"""

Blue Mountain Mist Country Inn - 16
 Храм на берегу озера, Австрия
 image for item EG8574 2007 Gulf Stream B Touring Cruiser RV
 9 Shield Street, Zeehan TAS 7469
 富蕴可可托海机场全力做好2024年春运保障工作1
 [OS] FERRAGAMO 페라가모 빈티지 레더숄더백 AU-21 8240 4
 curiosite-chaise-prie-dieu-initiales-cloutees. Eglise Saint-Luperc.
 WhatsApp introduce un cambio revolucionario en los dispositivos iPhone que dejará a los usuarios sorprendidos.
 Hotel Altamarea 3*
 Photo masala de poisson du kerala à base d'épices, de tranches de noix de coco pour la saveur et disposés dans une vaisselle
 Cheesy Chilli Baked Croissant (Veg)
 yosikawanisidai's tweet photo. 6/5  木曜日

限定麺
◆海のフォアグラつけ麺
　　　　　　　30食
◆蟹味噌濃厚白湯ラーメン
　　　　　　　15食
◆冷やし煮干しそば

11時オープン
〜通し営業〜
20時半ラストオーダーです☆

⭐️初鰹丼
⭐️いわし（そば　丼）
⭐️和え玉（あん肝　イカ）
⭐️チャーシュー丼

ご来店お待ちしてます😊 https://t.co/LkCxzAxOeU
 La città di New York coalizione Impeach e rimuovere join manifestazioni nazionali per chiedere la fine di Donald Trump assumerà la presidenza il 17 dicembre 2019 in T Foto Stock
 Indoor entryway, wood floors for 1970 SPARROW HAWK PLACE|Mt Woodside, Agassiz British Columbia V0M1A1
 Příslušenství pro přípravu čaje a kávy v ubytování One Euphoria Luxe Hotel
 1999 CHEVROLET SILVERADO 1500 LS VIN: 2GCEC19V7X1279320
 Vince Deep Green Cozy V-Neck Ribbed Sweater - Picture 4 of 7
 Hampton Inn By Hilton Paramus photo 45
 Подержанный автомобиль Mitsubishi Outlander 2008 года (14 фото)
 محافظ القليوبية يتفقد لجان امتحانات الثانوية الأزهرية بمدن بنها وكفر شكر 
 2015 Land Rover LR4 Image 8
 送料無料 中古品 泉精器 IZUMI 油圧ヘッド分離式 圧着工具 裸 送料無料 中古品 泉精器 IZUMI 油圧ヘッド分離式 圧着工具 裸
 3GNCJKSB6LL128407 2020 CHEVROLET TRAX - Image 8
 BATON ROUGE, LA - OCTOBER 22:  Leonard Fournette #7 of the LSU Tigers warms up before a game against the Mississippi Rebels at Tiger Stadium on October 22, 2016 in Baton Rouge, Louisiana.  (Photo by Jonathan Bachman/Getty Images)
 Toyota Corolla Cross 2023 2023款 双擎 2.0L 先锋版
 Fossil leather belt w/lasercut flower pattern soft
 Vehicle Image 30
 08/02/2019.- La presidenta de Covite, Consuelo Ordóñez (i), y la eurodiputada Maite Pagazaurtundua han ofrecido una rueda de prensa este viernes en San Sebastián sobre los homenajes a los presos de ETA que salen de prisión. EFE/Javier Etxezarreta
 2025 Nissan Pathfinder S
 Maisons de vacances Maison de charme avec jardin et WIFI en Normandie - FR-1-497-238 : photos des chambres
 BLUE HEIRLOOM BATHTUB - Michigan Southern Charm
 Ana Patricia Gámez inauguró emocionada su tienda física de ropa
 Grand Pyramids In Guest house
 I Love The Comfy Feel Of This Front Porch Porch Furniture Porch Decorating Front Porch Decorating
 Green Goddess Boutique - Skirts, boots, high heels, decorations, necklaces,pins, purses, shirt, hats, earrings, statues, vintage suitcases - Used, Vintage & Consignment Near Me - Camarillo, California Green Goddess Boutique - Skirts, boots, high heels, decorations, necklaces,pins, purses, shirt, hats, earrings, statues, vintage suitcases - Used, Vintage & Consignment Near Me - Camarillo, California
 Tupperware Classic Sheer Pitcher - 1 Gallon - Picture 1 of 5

"""

Please write out each line of the listing above exactly.

Blue Mountain Mist Country Inn - 16
 Храм на берегу озера, Австрия
 image for item EG8574 2007 Gulf Stream B Touring Cruiser RV
 9 Shield Street, Zeehan TAS 7469
 富蕴可可托海机场全力做好2024年春运保障工作1
 [OS] FERRAGAMO 페라가모 빈티지 레더숄더백 AU-21 8240 4
 curiosite-chaise-prie-dieu-initiales-cloutees. Eglise Saint-Luperc.
 WhatsApp introduce un cambio revolucionario en los dispositivos iPhone que dejará a los usuarios sorprendidos.
 Hotel Altamarea 3*
 Photo masala de poisson du kerala à base d'épices, de tranches de noix de coco pour la saveur et disposés dans une vaisselle
 Cheesy Chilli Baked Croissant (Veg)
 yosikawanisidai's tweet photo. 6/5  木曜日

限定麺
◆海のフォアグラつけ麺
　　　　　　　30食
◆蟹味噌濃厚白湯ラーメン
　　　　　　　15食
◆冷やし煮干しそば

11時オープン
〜通し営業〜
20時半ラストオーダーです☆

⭐️初鰹丼
⭐️いわし（そば　丼）
⭐️和え玉（あん肝　イカ）
⭐️チャーシュー丼

ご来店お待ちしてます😊 https://t.co/LkCxzAxOeU
 La città di New York coalizione Impeach e rimuovere join manifestazioni nazionali per chiedere la fine di Donald Trump assumerà la presidenza il 17 dicembre 2019 in T Foto Stock
 Indoor entryway, wood floors for 1970 SPARROW HAWK PLACE|Mt Woodside, Agassiz British Columbia V0M1A1
 Příslušenství pro přípravu čaje a kávy v ubytování One Euphoria Luxe Hotel
 1999 CHEVROLET SILVERADO 1500 LS VIN: 2GCEC19V7X1279320
 Vince Deep Green Cozy V-Neck Ribbed Sweater - Picture 4 of 7
 Hampton Inn By Hilton Paramus photo 45
 Подержанный автомобиль Mitsubishi Outlander 2008 года (14 фото)
 محافظ القليوبية يتفقد لجان امتحانات الثانوية الأزهرية بمدن بنها وكفر شكر 
 2015 Land Rover LR4 Image 8
 送料無料 中古品 泉精器 IZUMI 油圧ヘッド分離式 圧着工具 裸 送料無料 中古品 泉精器 IZUMI 油圧ヘッド分離式 圧着工具 裸
 3GNCJKSB6LL128407 2020 CHEVROLET TRAX - Image 8
 BATON ROUGE, LA - OCTOBER 22:  Leonard Fournette #7 of the LSU Tigers warms up before a game against the Mississippi Rebels at Tiger Stadium on October 22, 2016 in Baton Rouge, Louisiana.  (Photo by Jonathan Bachman/Getty Images)
 Toyota Corolla Cross 2023 2023款 双擎 2.0L 先锋版
 Fossil leather belt w/lasercut flower pattern soft
 Vehicle Image 30
 08/02/2019.- La presidenta de Covite, Consuelo Ordóñez (i), y la eurodiputada Maite Pagazaurtundua han ofrecido una rueda de prensa este viernes en San Sebastián sobre los homenajes a los presos de ETA que salen de prisión. EFE/Javier Etxezarreta
 2025 Nissan Pathfinder S
 Maisons de vacances Maison de charme avec jardin et WIFI en Normandie - FR-1-497-238 : photos des chambres
 BLUE HEIRLOOM BATHTUB - Michigan Southern Charm
 Ana Patricia Gámez inauguró emocionada su tienda física de ropa
 Grand Pyramids In Guest house
 I Love The Comfy Feel Of This Front Porch Porch Furniture Porch Decorating Front Porch Decorating
 Green Goddess Boutique - Skirts, boots, high heels, decorations, necklaces,pins, purses, shirt, hats, earrings, statues, vintage suitcases - Used, Vintage & Consignment Near Me - Camarillo, California Green Goddess Boutique - Skirts, boots, high heels, decorations, necklaces,pins, purses, shirt, hats, earrings, statues, vintage suitcases - Used, Vintage & Consignment Near Me - Camarillo, California
 Tupperware Classic Sheer Pitcher - 1 Gallon - Picture 1 of 5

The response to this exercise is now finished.